2006 honda s2000 wallpaper
2006 honda s2000 wallpaper

I’ve been waiting a really long time to drive an S2000. So long in fact that I missed the first version of Honda’s two seat sport scar completely. Gone are the days of the rev-happy 9000 rpm redline 2.0 liter banger that I longed to drive; apparently people wanted more low-end torque and a less peaky power band. While high-revving peaky power plants are nearly my definition of fun (I clearly don’t agree with the masses on this one) the latest version of the S2000 did an excellent job of putting a smile on my face.

Like a first date with a beautiful girl who has rough around-the-edges table manners, my first drive in the S2000 started off a bit awkward. I probably should have seen it coming because I had just hopped out of the silky smooth and deafeningly silent Porsche Caymen minutes before pushing the start button on the Honda sports car. When the 2.2 liter engine fired up it sounded rough, buzzy and much less refined than I expected. The first few miles left me looking like I had just swallowed a gulp of sour milk. All the anticipation and hype had left me a bit under whelmed. The power didn’t seem to unleash when the rpms got high, as I expected it too and the interior was small, Spartan and very Honda, while I was looking for something more exotic.

But then about 4 miles into my first drive something switched. Maybe I got the feeling for how to drive the close ratio six-speed gearbox or maybe the morning cup of coffee finally kicked in, whatever happened it was dramatic. Suddenly the simplicity of the car and its small proportions seemed to be a work of genius. The motor came to life pulling well up to about 5500 rpm, then letting you feel all 237 horsepower with an extra burst all the way up to the 8200 rpm redline. The buzzy exhaust now ripped through the air like a race car howling through the Virage Du Portier tunnel in Monte Carlo, and the narrow cockpit with its high door sills was now a race car like aesthetic instead of a claustrophobic hindrance. In fact it was starting to remind me of my MG; a much faster and better screwed together MG.

Most of the talk I’d heard of the S2000 was positive but the one fault that came up in conversation several times was steering feel, but to my novice hands the Honda steering felt great. Quick and light but with enough weight to give the car a real sport scar feel the S2000 steered like a champion, and when the wheel was flicked in one direction the car responded instantly darting eagerly toward the destination of choice. The suspension was taught but not overly so giving the driver a good indication of road quality without requiring back realignment after a drive. The relatively light curb weight of 2800 lbs with near 50/50 front to back weight distribution added to overall sprightly feel of the car.

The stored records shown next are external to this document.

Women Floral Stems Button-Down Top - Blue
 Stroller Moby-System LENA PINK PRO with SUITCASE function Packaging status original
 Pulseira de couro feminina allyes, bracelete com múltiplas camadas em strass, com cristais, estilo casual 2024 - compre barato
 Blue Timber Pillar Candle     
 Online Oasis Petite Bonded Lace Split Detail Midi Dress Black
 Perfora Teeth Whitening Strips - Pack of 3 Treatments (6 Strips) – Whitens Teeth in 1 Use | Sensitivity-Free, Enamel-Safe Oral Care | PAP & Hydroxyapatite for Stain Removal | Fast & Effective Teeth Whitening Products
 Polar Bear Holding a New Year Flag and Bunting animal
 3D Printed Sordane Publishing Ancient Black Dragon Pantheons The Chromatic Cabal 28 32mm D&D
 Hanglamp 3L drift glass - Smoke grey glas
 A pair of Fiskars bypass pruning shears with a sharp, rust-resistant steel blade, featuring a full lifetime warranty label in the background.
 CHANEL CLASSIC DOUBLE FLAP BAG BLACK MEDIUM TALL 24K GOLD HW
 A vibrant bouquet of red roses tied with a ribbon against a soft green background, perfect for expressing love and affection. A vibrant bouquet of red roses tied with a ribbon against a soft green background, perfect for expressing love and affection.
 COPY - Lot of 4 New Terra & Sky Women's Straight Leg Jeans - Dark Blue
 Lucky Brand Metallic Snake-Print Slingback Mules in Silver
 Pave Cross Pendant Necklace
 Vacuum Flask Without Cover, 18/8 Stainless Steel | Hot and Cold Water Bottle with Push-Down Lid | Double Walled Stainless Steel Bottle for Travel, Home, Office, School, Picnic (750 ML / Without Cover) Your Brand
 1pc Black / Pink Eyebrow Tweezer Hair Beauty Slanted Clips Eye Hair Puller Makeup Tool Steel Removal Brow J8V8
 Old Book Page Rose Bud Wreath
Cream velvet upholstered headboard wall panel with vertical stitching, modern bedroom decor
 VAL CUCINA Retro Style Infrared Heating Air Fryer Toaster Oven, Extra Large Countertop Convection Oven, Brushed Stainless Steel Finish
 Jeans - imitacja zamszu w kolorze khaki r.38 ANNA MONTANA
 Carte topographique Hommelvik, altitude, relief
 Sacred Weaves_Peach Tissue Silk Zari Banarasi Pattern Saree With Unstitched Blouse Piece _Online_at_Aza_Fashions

With a stiff suspension and not a lot of weight to lug around the S2000 has some real handling prowess, but with 200 plus horsepower on tap the car is also prone to a bit of over steer. That is why the latest version of the S2000 comes with a defeatable traction control called Vehicle Stability Assist (VSA). I got a chance to check this feature out on a wet day entering a hard right hand corner. Down shifting to second gear I stood on the throttle into to the turn and the rear of the S2000 instantly began to rotate. Before I could begin my steering correction I felt the VSA kick in and the power momentarily cut off allowing the car to resume its intended line. For those wishing to really drift the car a quick push of a button will turn the VSA off and give the driver full control, or full out of control, of the vehicle.

The cool thing about the S2000 is that it did all of the non-sports car stuff really well too. The power top was quick and easy to use. The stereo and climate controls were amazingly simple to operate and quite effective (take note BMW). The race inspired gauge display, while a little different at first, relayed all the necessary information in a very intuitive manner. Even the gas mileage was pretty good, especially considering the amount the car saw its redline while I was behind the wheel.

Overall the S2000 more than lived up to my expectations. While it took awhile for me to warm up to the car, once I did I never wanted to get out. Honda deserves high marks for this little convertible. Priced at $34,000 the stylish and fun S2000 is not cheap, but the car continues to sell well and has attracted quite a following. In its price range this is certainly one of the best pure sports cars you can buy.